**** Material provided

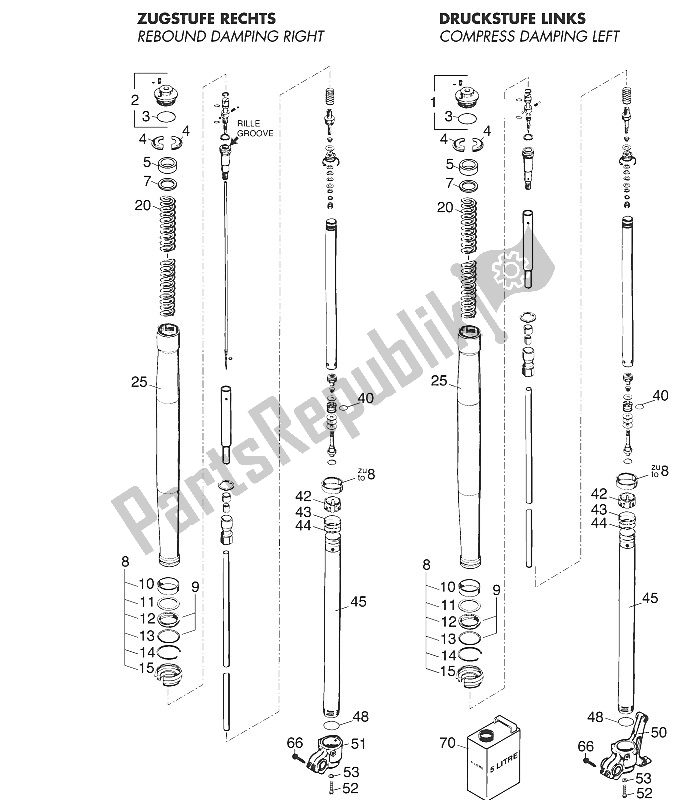 All parts for the Front Legs - Suspension 125 Exe 2000 of the KTM 125 EXE 100 Europe 2001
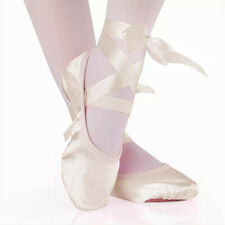 Satin Ballet Pointe Professional Yoga Gymnastic Shoes Ribbon Pink ALL Size UK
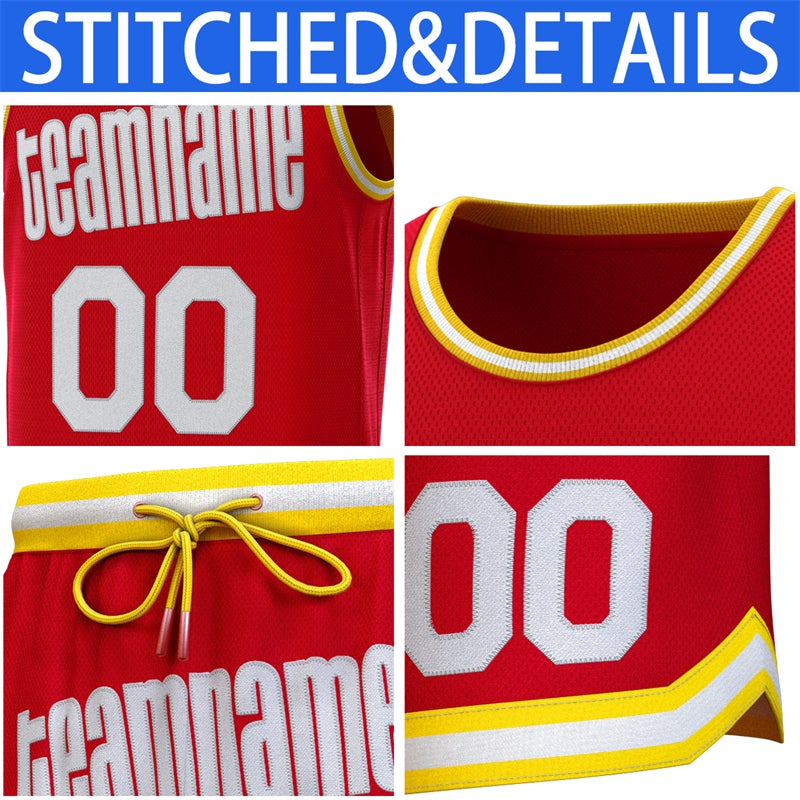 Maillot de basket-ball classique personnalisé rouge jaune-blanc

********

Starting with the line that contains "Satin Ballet Pointe", print every line through the end of the data exactly as written; omit all pictures and add nothing else.

 Satin Ballet Pointe Professional Yoga Gymnastic Shoes Ribbon Pink ALL Size UK
 Maillot de basket-ball classique personnalisé rouge jaune-blanc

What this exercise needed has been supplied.